Question

The solubility products of MA, MB, MC and MD are $1.8 \times {10^{ - 10}}$, $4 \times {10^{ - 3}}$, $4 \times {10^{ - 8}}$ and $6 \times {10^{ - 5}}$ respectively. If a $0.01{\text{ M}}$ solution of MX is added dropwise to a mixture containing ${{\text{A}}^ - }$, ${{\text{B}}^ - }$, ${{\text{C}}^ - }$ and ${{\text{D}}^ - }$ ions, then the one to be precipitated first will be:
A) MA
B) MB
C) MC
D) MD

Answer 1

Hint:We know that the solubility product of any salt at any temperature is the product of the molar concentration of its constituent ions. The concentration of ions is raised to the number of ions produced on dissociation of one molecule of the salt.

Complete answer:
We know that the solubility product of any salt at any temperature is the product of the molar concentration of its constituent ions.
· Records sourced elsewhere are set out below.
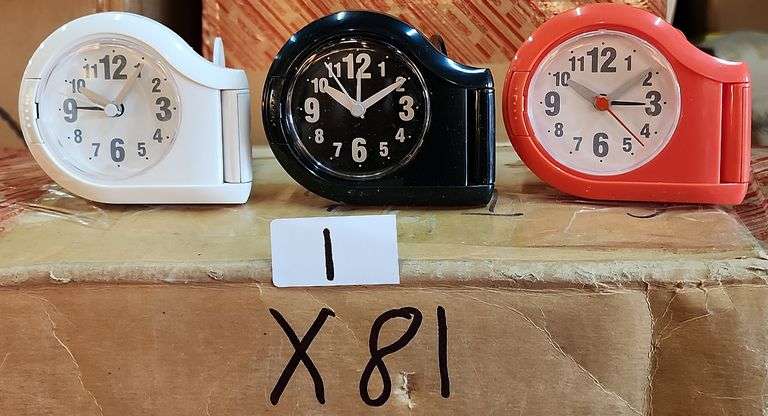 Mini Travel Alarm Clock. This compact analog clock is designed for portability and features an alarm function for travel or bedside use. - $7.00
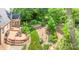 Expansive backyard with deck provides ample space for outdoor activities and serene enjoyment at 11724 Brambleton Ct, Charlotte, NC 28277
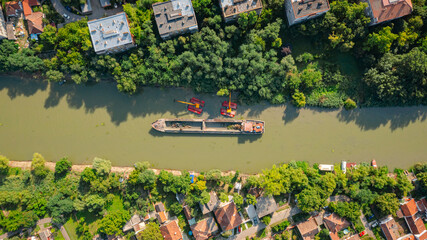 Aerial view of river, canal is being dredged by excavators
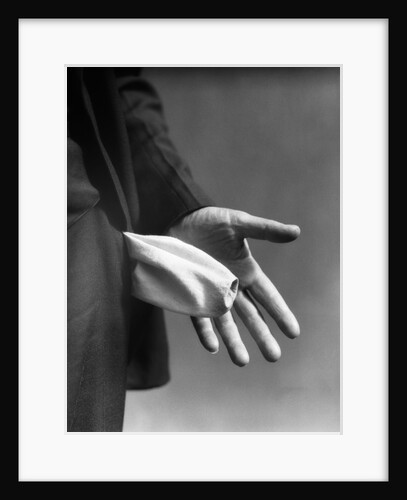 1930s Man's Hand Turning Empty Pants Pocket Inside Out by Anonymous
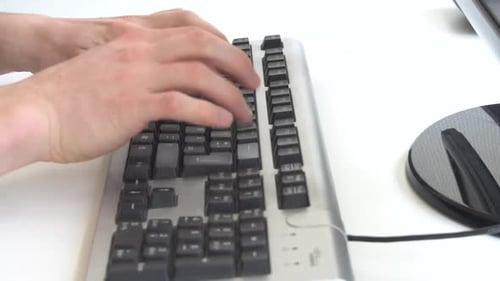 Hands Typing on a Silver Keyboard in Office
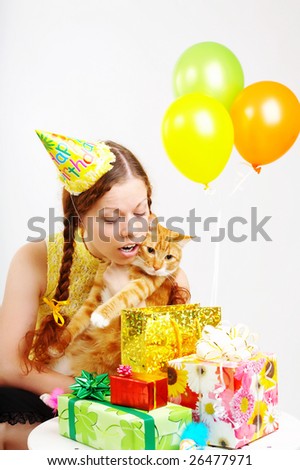 The cheerful birthday woman considers gifts with a cat in hands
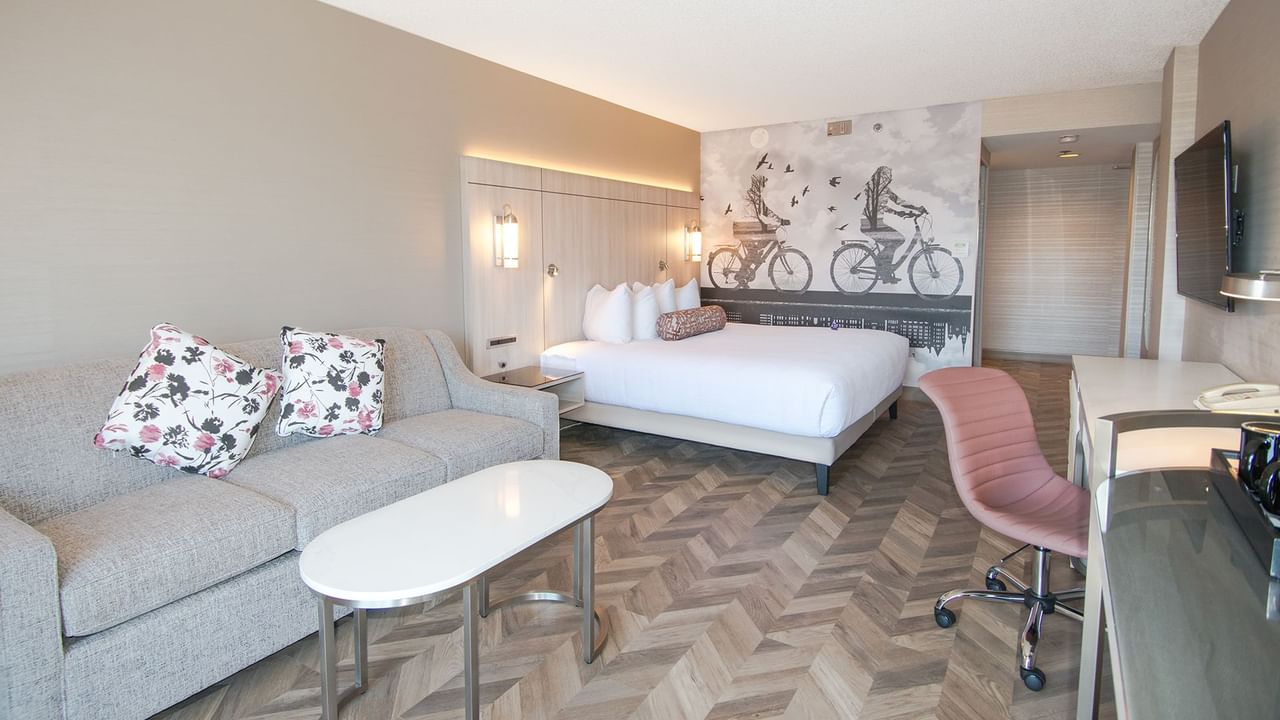 Hotel guestroom with king size bed, a sofa and coffee table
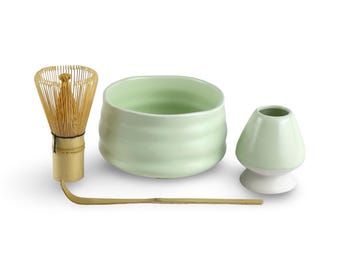 May include: A green ceramic matcha bowl, a bamboo whisk, a green ceramic teacup, and a bamboo matcha scoop. The set is for preparing and drinking matcha tea.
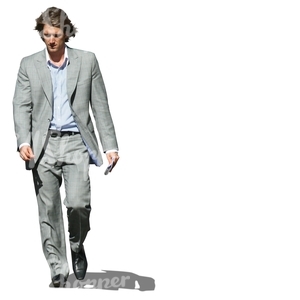man in a grey suit walking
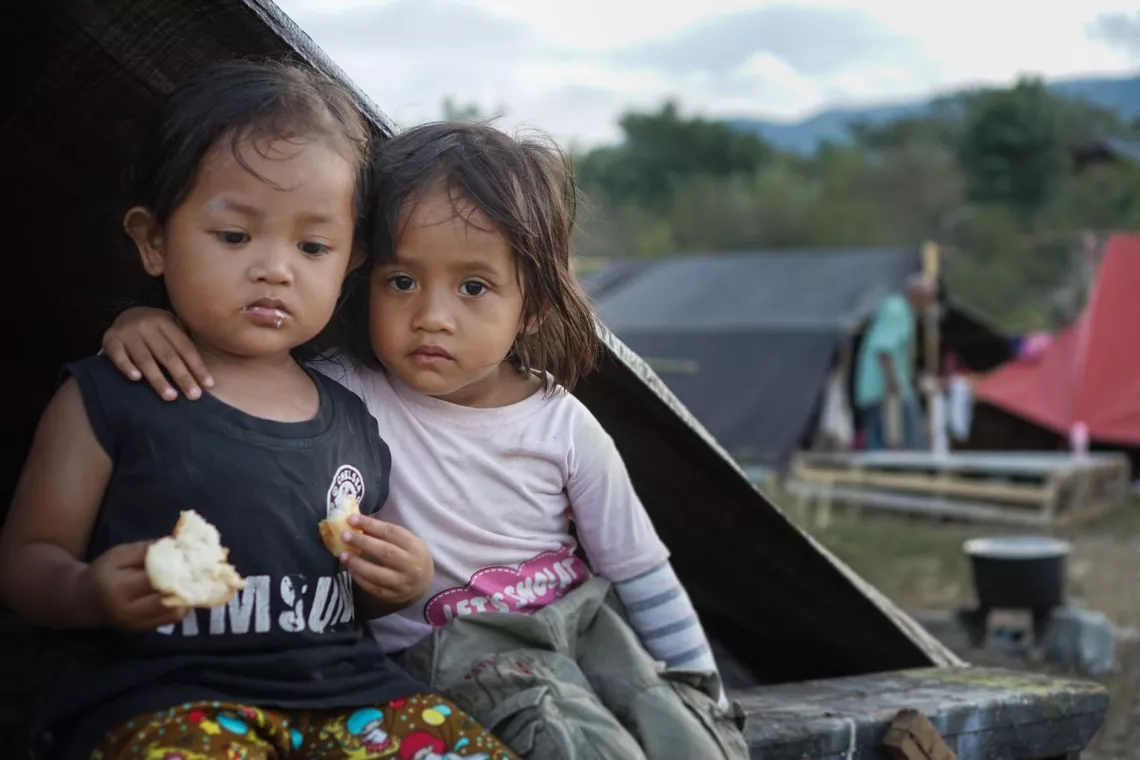 Two girls sitting on the grass. They are displaced due to a a tsunami triggered by a 7.4 magnitude earthquake off the coast of Sulawesi, Indonesia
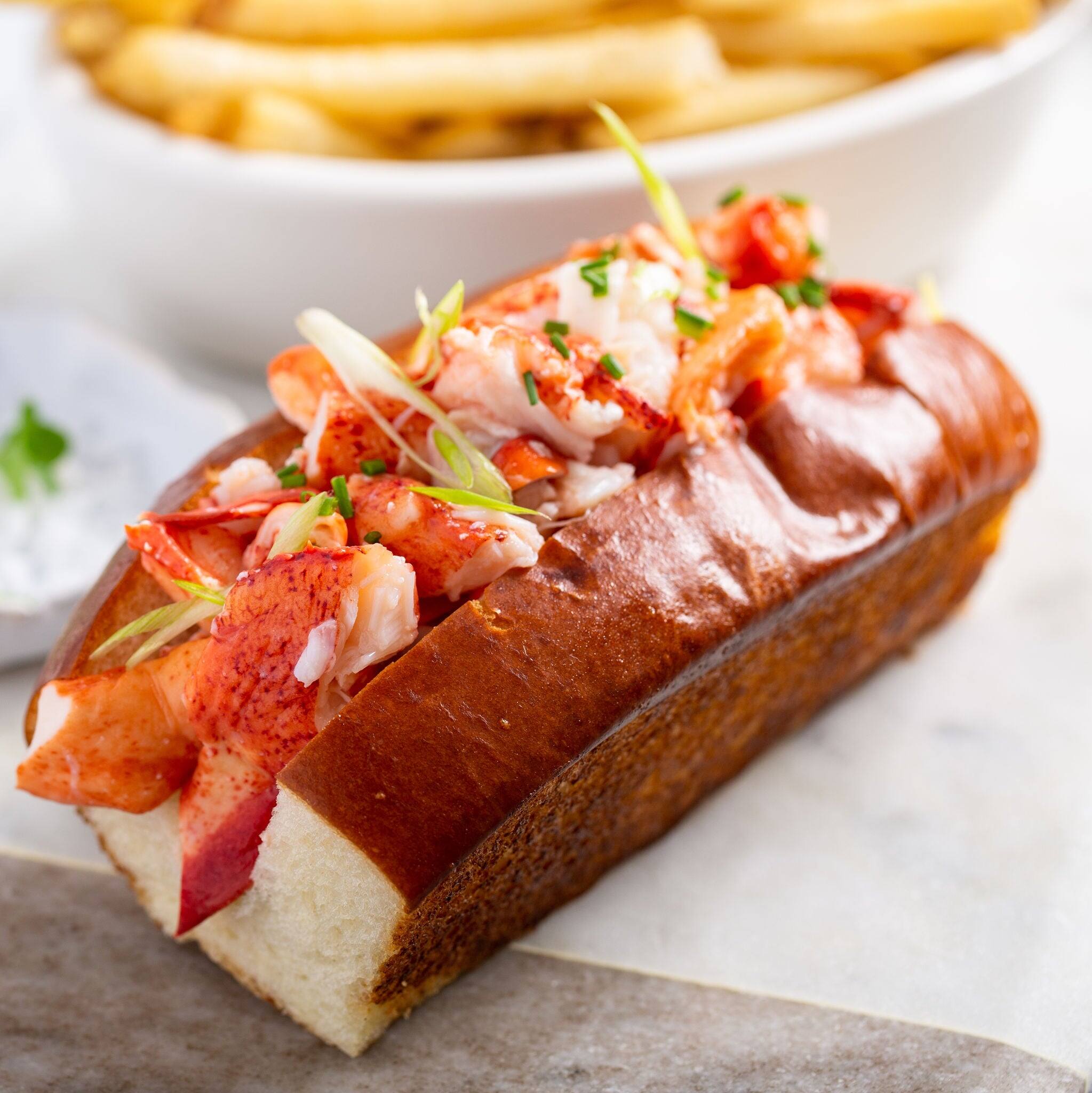 Lobster roll on a brioche bun with fries on a marble board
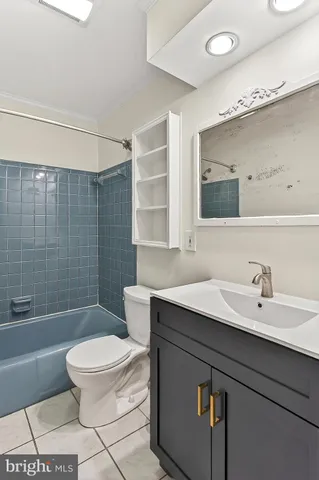 an empty room with closet and a chandelier fan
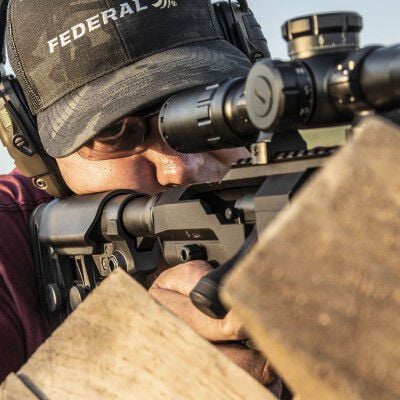 man looking down the scope of a rifle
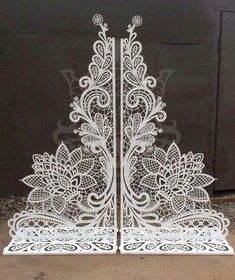 an intricately designed metal gate with flowers and leaves on the sides, in front of a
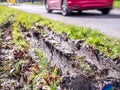 Closeup view of car wheel tracks traces in mud next to British road Royalty Free Stock Photo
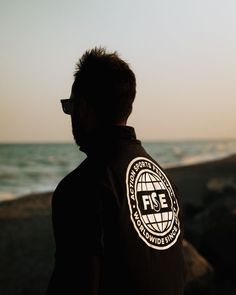 a man standing in front of the ocean with his back to the camera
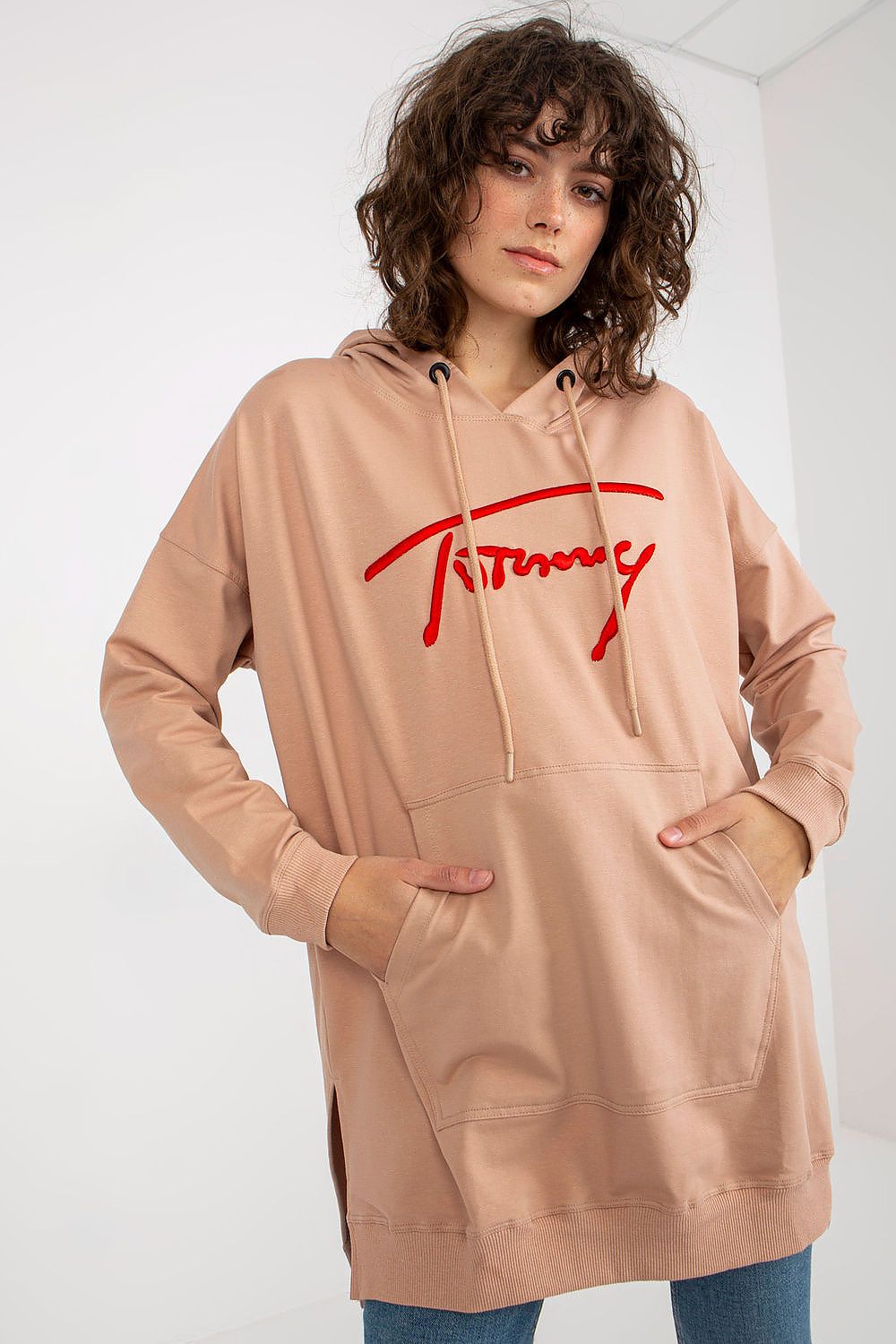 Close-up of the luxury women's long casual sweatshirt by Factory Price, showcasing the high-quality cotton blend fabric, minimalist design, and stylish patch detail.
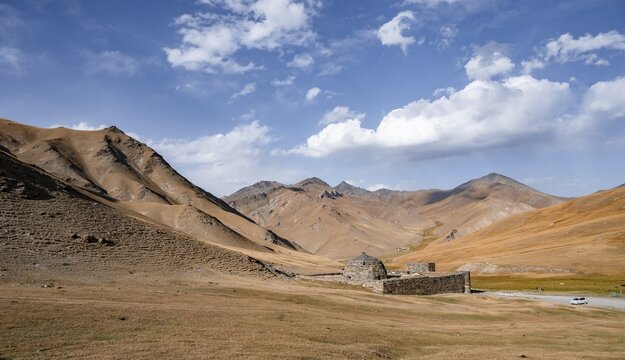 Historic caravanserai Tash Rabat from the 15th century, with yellow hills, Atbashy district in the Naryn region, Kyrgyzstan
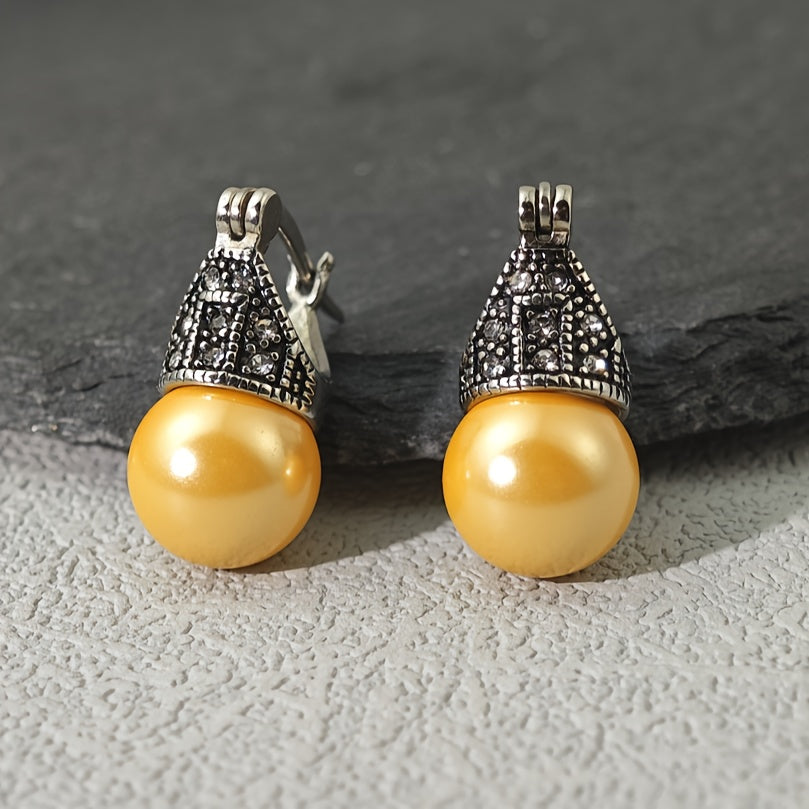 Vintage Bohemian-inspired drop earrings in stainless steel, adorned with rhinestones and faux pearls, ideal for a casual chic look.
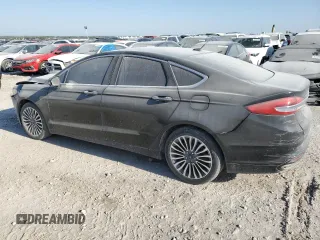 2017 Ford Fusion SE z VIN 3FA6P0H98HR179253, wystawiony jako Copart lot #52015345 z przebiegiem 99 883 mil mil oraz Czysty tytuł • Clean title. Historia ofert i sprzedaży dostępna na DreamBid. Obrazek 2.
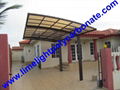 single aluminium awning with white frame and bronze polycarbonate solid roofing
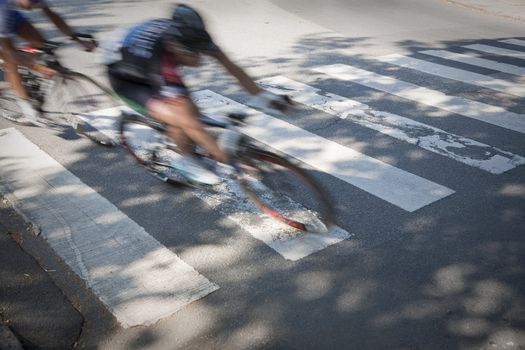 Speedy cyclists in a zebra crossing shortly before the finishing line. Intentional motion blur.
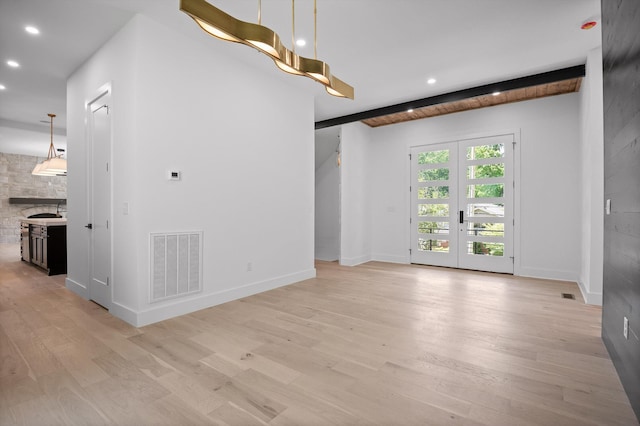 1608 Knickerbocker Ave, Chattanooga, TN 37405 - unfurnished living room with recessed lighting, light wood-style flooring, french doors, and baseboards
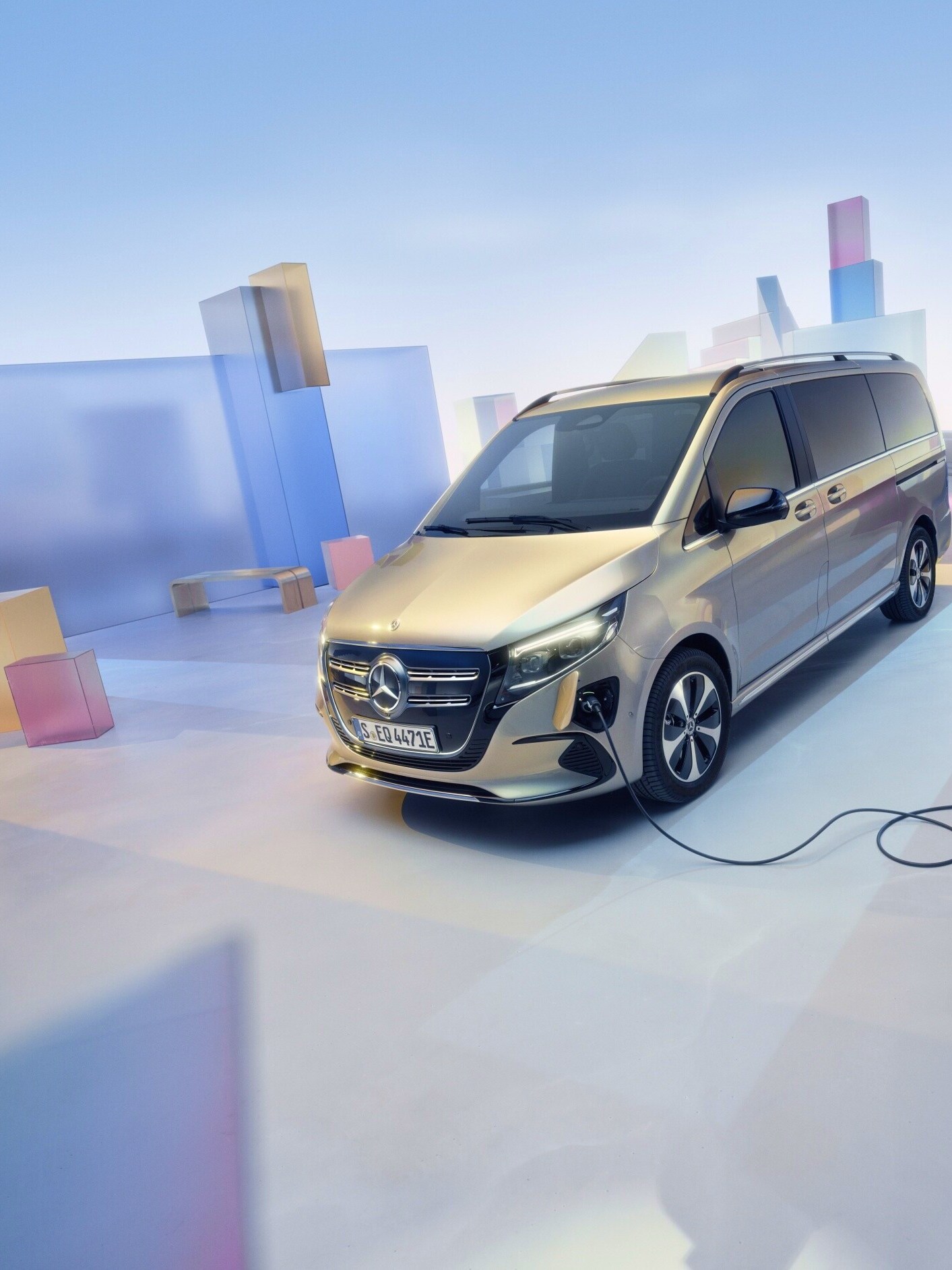 Der goldener Mercedes-Benz EQV in einer grafischen Landstadt an einer Ladestation.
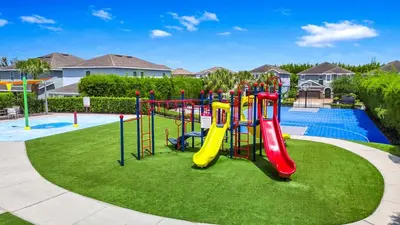 a playground with a slide in a park at Grand Home Near Disney With Private Pool, Air Hockey Table And Waterpark & Resort Access At Encore Resorts Reunion - 401Sf in Kissimmee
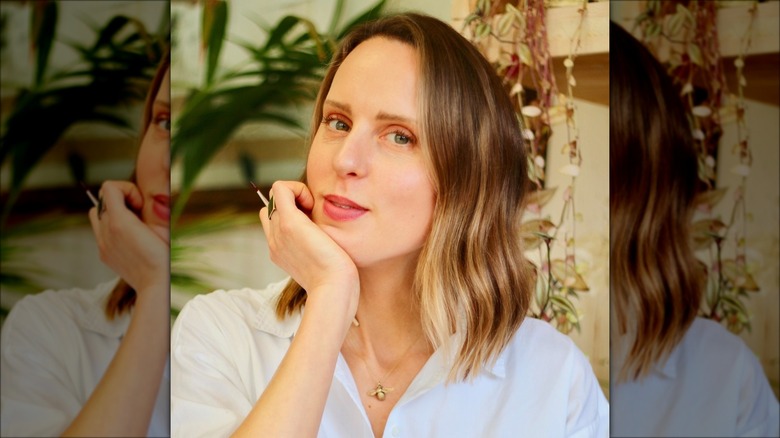 A three tier wedding cake with flower petals and bumblebees.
The concentration of ions is raised to the number of ions produced on dissociation of one molecule of the salt.
We are given that the solubility products of MA, MB, MC and MD are $1.8 \times {10^{ - 10}}$, $4 \times {10^{ - 3}}$, $4 \times {10^{ - 8}}$ and $6 \times {10^{ - 5}}$ respectively. And $0.01{\text{ M}}$ solution of MX is added dropwise to a mixture containing ${{\text{A}}^ - }$, ${{\text{B}}^ - }$, ${{\text{C}}^ - }$ and ${{\text{D}}^ - }$ ions.
Now, we will calculate the concentration of ${{\text{A}}^ - }$, ${{\text{B}}^ - }$, ${{\text{C}}^ - }$ and ${{\text{D}}^ - }$ ions as follows:
For the given salts, the expression of solubility product is as follows:
${{\text{K}}_{{\text{SP}}}} = [{{\text{M}}^ + }][{\text{Anion}}]$
Where ${{\text{K}}_{{\text{SP}}}}$ is the solubility product.
In $0.01{\text{ M}}$ solution of MX, $[{{\text{M}}^ + }] = 0.01{\text{ M}}$. Thus,
For MA:
${{\text{K}}_{{\text{SP}}}} = [{{\text{M}}^ + }][{{\text{A}}^ - }]$
$[{{\text{A}}^ - }] = \dfrac{{{{\text{K}}_{{\text{SP}}}}}}{{[{{\text{M}}^ + }]}} = \dfrac{{1.8 \times {{10}^{ - 10}}}}{{0.01}} = 1.8 \times {10^{ - 8}}{\text{ M}}$
For MB:
${{\text{K}}_{{\text{SP}}}} = [{{\text{M}}^ + }][{{\text{B}}^ - }]$
\[[{{\text{B}}^ - }] = \dfrac{{{{\text{K}}_{{\text{SP}}}}}}{{[{{\text{M}}^ + }]}} = \dfrac{{4 \times {{10}^{ - 3}}}}{{0.01}} = 4 \times {10^{ - 1}}{\text{ M}}\]
For MC:
${{\text{K}}_{{\text{SP}}}} = [{{\text{M}}^ + }][{{\text{C}}^ - }]$
\[[{{\text{C}}^ - }] = \dfrac{{{{\text{K}}_{{\text{SP}}}}}}{{[{{\text{M}}^ + }]}} = \dfrac{{4 \times {{10}^{ - 8}}}}{{0.01}} = 4 \times {10^{ - 5}}{\text{ M}}\]
For MD:
\[{{\text{K}}_{{\text{SP}}}} = [{{\text{M}}^ + }][{{\text{D}}^ - }]\]
\[[{{\text{D}}^ - }] = \dfrac{{{{\text{K}}_{{\text{SP}}}}}}{{[{{\text{M}}^ + }]}} = \dfrac{{6 \times {{10}^{ - 5}}}}{{0.01}} = 6 \times {10^{ - 3}}{\text{ M}}\]
The anion having lowest concentration will combine with the ${{\text{M}}^ + }$ ion in the $0.01{\text{ M}}$ solution of MX and precipitate out first.
The anion having lowest concentration is $[{{\text{A}}^ - }]$.
Thus, the salt that will precipitate out first will be MA.

So the correct answer is option A.

Note: The solubility product is calculated using the concentration of the ions in which the salt has dissociated. Solubility factor depends on various factors such as temperature, pressure and nature of the electrolyte. The concentration of ions is affected by these factors and thus, the solubility product gets affected.